A política de cotas — implementada no Brasil em 2012 e renovada no ano passado por pelo menos mais dez anos, com pequenas correções — é decisão que faz o Brasil aprender, entre avanços e recuos, enquanto a história caminha diante de nossos olhos. Em pouco mais de uma década de vigência, os resultados romperam os preconceitos de quem a considerava uma decisão equivocada — e, nesse processo, a sociedade já pode vê-la de outro modo, ancorada em estatísticas. Dizia-se que, dadas as condições precárias dos favorecidos, a qualidade do ensino superior cairia, a evasão escolar aumentaria e haveria um acirramento dos conflitos raciais. Nada disso aconteceu. Levantamento do Instituto Nacional de Estudos e Pesquisas Educacionais (Inep) revela que os estudantes beneficiados pelas cotas têm desempenho igual ou superior aos dos que ingressaram pelo sistema de ampla concorrência. A taxa de permanência e conclusão é 10% superior entre os cotistas, justamente pela chance que lhes é aberta de ascensão. Em 2012, exatos 40 661 alunos cursaram a graduação apoiados em caminho de ação afirmativa. Em 2022, foram 108 616, crescimento de 167%.

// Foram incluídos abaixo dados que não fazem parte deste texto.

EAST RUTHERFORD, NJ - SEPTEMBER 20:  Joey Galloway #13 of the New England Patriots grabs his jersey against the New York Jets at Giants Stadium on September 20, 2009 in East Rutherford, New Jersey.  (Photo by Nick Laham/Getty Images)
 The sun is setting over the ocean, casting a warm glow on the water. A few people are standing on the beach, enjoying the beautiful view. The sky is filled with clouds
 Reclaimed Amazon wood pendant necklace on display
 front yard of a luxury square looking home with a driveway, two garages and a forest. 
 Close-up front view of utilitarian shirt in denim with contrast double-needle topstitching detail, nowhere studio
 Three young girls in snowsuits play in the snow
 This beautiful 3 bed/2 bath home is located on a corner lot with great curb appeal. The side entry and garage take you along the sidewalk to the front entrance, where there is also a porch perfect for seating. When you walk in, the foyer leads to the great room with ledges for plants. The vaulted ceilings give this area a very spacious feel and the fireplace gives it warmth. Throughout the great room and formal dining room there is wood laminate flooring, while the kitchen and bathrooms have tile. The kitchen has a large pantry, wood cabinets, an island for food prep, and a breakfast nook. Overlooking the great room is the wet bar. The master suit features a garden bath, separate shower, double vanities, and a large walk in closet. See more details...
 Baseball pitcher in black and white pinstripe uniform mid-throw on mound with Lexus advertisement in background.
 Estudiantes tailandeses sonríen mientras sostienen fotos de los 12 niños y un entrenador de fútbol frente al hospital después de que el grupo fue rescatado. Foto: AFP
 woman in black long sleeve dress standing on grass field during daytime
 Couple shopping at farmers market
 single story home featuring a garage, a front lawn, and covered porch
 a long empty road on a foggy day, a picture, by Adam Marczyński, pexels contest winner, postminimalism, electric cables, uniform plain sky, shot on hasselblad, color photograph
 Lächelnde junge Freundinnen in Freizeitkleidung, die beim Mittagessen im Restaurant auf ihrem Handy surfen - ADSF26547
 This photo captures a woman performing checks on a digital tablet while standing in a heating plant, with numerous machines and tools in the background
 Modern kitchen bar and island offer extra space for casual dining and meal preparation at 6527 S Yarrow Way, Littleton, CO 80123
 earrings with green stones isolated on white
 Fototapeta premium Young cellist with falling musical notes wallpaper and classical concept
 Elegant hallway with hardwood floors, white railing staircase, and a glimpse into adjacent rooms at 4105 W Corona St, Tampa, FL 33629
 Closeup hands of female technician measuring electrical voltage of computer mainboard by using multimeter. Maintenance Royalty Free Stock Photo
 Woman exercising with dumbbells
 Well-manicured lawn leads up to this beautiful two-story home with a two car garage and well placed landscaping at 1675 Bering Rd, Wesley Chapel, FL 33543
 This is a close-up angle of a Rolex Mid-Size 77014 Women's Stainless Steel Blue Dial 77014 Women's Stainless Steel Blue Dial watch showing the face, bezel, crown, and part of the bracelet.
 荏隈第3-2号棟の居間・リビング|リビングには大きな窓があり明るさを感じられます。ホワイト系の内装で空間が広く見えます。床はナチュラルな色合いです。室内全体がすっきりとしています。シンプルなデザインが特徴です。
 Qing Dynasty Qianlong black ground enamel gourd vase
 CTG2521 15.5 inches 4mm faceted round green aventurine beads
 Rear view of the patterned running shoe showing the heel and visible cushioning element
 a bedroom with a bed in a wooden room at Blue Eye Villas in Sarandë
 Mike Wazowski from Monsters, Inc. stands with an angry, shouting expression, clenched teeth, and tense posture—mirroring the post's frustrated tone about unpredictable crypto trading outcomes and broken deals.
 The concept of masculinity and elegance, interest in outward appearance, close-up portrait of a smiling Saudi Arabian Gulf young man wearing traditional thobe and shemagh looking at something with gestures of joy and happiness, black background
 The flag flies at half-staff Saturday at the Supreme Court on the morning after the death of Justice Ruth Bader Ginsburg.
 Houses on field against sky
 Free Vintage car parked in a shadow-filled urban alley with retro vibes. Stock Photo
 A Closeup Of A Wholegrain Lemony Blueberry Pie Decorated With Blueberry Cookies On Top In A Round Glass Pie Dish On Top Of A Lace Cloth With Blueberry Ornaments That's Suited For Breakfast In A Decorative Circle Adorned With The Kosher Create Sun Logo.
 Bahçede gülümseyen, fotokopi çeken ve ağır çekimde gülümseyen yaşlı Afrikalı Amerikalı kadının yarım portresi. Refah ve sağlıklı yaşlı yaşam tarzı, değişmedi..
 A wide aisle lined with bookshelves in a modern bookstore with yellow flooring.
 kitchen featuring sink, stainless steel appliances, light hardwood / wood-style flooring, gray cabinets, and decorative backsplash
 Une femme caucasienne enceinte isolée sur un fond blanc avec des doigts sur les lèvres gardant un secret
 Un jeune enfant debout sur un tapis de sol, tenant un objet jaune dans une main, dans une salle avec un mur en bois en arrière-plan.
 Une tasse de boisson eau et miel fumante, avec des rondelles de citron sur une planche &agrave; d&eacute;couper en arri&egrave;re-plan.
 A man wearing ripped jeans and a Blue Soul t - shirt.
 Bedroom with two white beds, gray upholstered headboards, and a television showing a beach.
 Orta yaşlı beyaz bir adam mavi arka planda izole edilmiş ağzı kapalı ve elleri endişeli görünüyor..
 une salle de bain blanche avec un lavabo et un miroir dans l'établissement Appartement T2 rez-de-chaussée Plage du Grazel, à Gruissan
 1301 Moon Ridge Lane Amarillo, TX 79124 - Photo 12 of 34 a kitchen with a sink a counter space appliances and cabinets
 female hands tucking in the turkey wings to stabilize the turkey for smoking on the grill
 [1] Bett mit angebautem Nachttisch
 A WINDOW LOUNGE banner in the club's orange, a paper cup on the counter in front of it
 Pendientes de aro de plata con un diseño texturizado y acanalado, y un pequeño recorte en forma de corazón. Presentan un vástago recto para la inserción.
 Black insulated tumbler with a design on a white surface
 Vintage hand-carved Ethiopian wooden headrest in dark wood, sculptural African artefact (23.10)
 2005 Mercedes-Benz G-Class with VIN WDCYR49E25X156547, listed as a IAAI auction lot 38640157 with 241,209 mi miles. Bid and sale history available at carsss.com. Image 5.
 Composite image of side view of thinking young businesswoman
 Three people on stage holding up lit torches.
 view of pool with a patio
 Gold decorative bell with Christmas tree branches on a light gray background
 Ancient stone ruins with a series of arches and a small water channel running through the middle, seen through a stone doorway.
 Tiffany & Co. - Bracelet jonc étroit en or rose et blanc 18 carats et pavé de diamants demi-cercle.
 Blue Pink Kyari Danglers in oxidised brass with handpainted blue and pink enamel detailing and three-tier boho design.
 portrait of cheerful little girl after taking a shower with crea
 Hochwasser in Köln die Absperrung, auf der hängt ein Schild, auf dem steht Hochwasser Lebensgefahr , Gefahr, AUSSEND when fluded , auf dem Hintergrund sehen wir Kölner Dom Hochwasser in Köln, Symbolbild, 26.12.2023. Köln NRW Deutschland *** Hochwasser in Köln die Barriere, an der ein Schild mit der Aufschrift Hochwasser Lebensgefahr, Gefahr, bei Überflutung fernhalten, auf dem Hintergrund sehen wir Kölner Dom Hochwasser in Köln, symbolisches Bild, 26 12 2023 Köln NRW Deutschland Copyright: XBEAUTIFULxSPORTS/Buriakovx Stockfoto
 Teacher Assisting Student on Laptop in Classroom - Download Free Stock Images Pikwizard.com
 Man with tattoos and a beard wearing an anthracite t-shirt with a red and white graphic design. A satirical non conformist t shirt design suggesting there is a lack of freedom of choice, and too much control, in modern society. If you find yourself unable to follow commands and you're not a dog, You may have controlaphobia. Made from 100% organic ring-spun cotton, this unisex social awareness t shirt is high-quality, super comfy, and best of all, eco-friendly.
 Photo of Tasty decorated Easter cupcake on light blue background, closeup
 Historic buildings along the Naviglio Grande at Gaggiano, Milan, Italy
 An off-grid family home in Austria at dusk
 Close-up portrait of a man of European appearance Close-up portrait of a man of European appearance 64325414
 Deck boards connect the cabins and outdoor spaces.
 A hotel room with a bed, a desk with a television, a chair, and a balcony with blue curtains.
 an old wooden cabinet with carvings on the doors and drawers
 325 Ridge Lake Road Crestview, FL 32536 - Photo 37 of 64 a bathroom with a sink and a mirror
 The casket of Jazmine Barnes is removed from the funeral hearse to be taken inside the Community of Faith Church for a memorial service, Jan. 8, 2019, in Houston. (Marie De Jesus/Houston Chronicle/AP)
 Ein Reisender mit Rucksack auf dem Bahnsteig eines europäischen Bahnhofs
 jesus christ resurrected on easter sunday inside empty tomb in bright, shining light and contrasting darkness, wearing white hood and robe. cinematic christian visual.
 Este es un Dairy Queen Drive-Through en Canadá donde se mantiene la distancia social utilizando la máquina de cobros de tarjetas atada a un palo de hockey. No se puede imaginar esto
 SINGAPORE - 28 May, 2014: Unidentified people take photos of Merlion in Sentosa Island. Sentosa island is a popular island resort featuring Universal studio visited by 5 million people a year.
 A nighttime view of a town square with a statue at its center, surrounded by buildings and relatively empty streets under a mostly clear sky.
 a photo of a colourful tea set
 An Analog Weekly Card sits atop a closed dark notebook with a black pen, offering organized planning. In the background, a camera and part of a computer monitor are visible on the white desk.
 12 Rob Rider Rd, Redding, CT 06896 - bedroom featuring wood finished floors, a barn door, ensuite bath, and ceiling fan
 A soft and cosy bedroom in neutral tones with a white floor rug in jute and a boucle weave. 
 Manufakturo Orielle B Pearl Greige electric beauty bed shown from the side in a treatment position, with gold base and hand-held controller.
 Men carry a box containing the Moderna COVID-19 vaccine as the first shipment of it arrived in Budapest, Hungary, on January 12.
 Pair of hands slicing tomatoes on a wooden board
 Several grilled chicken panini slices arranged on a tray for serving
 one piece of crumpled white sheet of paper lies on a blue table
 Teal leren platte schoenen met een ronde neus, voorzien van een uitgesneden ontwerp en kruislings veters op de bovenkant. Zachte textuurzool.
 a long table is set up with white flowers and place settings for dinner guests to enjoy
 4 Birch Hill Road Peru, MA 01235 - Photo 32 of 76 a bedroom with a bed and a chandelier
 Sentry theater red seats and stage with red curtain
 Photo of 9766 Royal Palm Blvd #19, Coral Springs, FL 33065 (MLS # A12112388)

A ampliação do alcance da iniciativa não concede imunidade a tropeços. Recentemente, um comitê da USP rechaçou a matrícula de dois estudantes que se autodeclararam cotistas, por considerar que eles não atendiam aos requisitos para ter direito a uma vaga destinada a pessoas pardas ou negras. A avaliação é feita a partir das características físicas, e não da ancestralidade dos candidatos. A Justiça, acertadamente, pediu a reintegração de ambos. Os meninos sofrem na pele por serem pardos — aos olhos da sociedade, não são negros o suficiente para terem acesso imediato à positiva engrenagem das cotas, nem brancos o bastante para escaparem do racismo estrutural.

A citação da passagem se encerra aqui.